My Road to i80

The Spark
I love to cook. Not by the book, but with intuition, memory, and whatever ingredients are at hand. Over the years, I've built a rich personal archive: dishes invented on the fly, surprising flavor combinations, and moments of improvisation captured in photos, notes, and conversations.
Then, in January 2023, I encountered ChatGPT. I was blown away by its ability to answer questions and generate ideas. I'd ask about cuisines, techniques, or flavor pairings, and the responses were impressive. But when I asked, "What did I cook that night with salmon and miso?", the reply came through as: "I don't have access to your personal cooking history." For all their brilliance, these large language models (LLMs) didn't know my stories. They couldn't access the unique experiences, preferences, and memories that make me who I am.
The Turning Point
That's when it hit me: What if I could build an AI that feels like an LLM but knows what I know? Not a generic model trained on the internet, but a personal system capturing my cooking stories, my thought processes, my unique way of seeing the world. I imagined an AI that could answer, "What would I have cooked with those ingredients?" or even "How would I have approached that problem?" - not based on generic data, but on my own lived experience.
This led me to Retrieval Augmented Generation (RAG), a technology that combines the conversational fluency of LLMs with a structured knowledge base tailored to specific domains. I started building a personal knowledge base - not of recipes, but of my cooking stories, complete with ingredients, intentions, and moments of inspiration. This system wouldn't just recite facts; it would reflect my style, my creativity, my voice.
That's also where the name "i80" comes from - inspired by the interstate highway built for clarity, structure, and speed. Just like that road, this system is meant to navigate complexity with confidence. No guesswork. No detours. Just grounded, context-aware answers that get you where you need to go.
My vision goes beyond cooking. It's about creating an AI that acts like an extension of myself - one that preserves my memories and thought patterns for future reflection, or for others to access my perspective. It's a step toward digital continuity, a way to keep my perspective alive. And this approach isn't just personal. The same technology can empower organizations - like hotel guest services, HR help desks, new employee onboarding assistants and many others - where public LLMs fall short due to a lack of domain-specific, trustworthy knowledge.
The Challenge Ahead
Building an AI that knows you like you know yourself is no small task. It requires blending the expressive power of LLMs with the precision of curated data. But that's the road I'm on: a path to an AI that doesn't just answer, but remembers, reflects, and resonates.
I don't know how far I'll go, or exactly what the final destination might look like. But that's part of the journey. What started as a spark - an idea to build an AI that truly understands me - has become a deeply personal exploration of memory, language, and technology.
A Living Journal
This website will document my road to i80. Through this space, I'll share what I'm learning along the way - the breakthroughs and the dead ends, the tools and techniques, the insights that emerge when intuition meets iteration.

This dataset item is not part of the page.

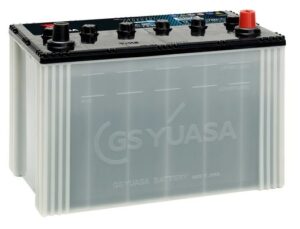 Yuasa 80Ah 780A EFB -/+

Whether it leads to a fully functioning personal AI, a new kind of storytelling engine, or something I haven't imagined yet, I'm here to explore it - and you're welcome to follow along.
- Alex P. Wang
October 28, 2024
How I Got Started
I jumped in after the idea struck me - despite not knowing much about large language models.
Back in graduate school, I studied expert systems, AI, and neural networks, but LLMs were a whole new world.

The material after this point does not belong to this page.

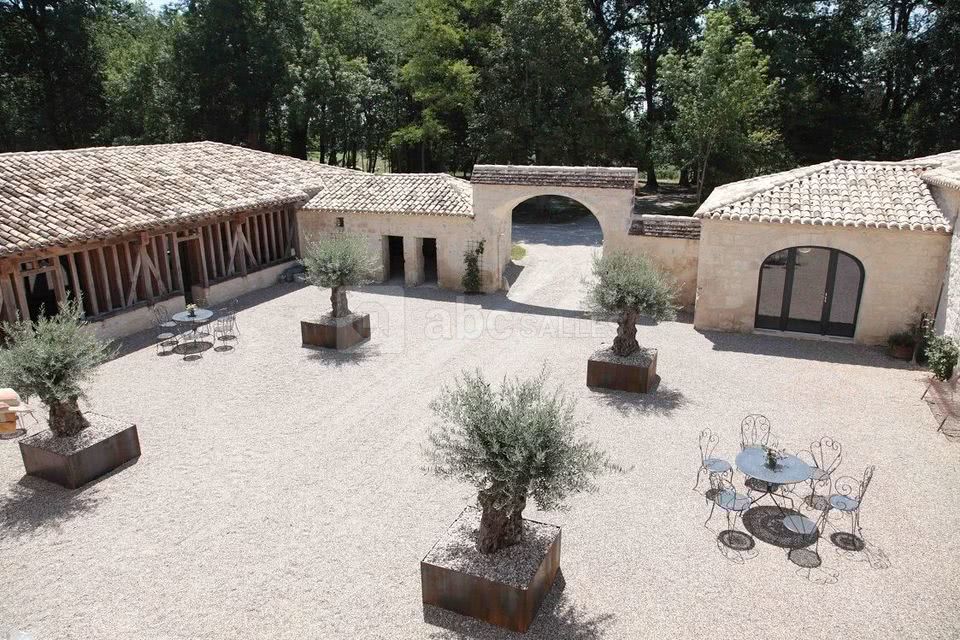 Cour intérieure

I knew I'd need Python, but at that point, I hadn't written a single line of it.
Thankfully, there's an abundance of resources online - and even better, we now have LLMs to help along the way. It didn't take long for me to set up my initial Python environment using VS Code. And just like that, I was on my way. (Set Up Your Python App Environment)
At first, I tried downloading open-source LLMs and fine-tuning them with my own knowledge base. That quickly turned into a dead end. Fine-tuning is resource-intensive, hard to iterate, and - most importantly - poorly suited for domain knowledge that changes frequently or needs precise control. It simply wasn't the right tool for a task where accuracy, flexibility, and explainability matter. Eventually, I came across the concept of Retrieval-Augmented Generation (RAG), and everything started to make more sense.
How It Works
I think the best way to explain how a Retrieval-Augmented Generation (RAG) system works is with an analogy - how a human answers a question.

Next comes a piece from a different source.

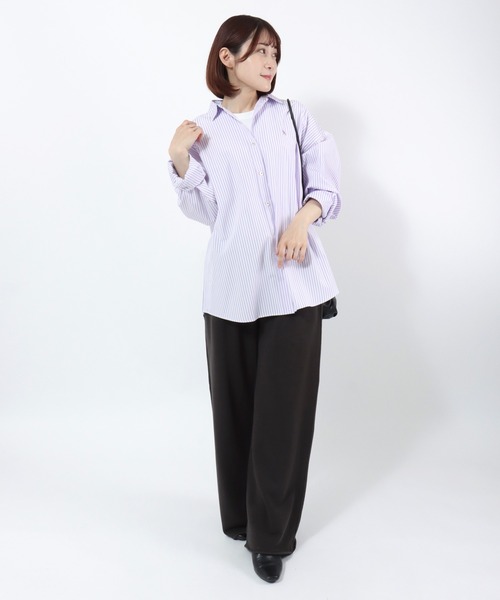 Champion（チャンピオン） ワイドパンツ スウェットパンツ ジャージ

Imagine you're answering a question from your friend. First, you think back through your memory to find anything relevant - that's retrieval. Then, based on what you remember, your brain put the answer together in your own words - that's generation.
That's essentially what a RAG system does. It has a curated knowledge base (its memory). The retriever pulls in the most relevant information from the knowledge base, and the orchestrator - like your brain - decides how to respond: either directly or by calling on an LLM to help craft a clear, conversational answer.
- Curate a knowledge base (memory) - Use your private, domain-specific content - facts, stories, documentation - to build a structured foundation.
- Retrieve relevant content (retrieval) - When a question is asked, the retriever searches the knowledge base for snippets that are semantically related and have high similarity scores.
- Orchestrate a response (brain):
- If the similarity score is high and the answer is straightforward, it returns the response directly.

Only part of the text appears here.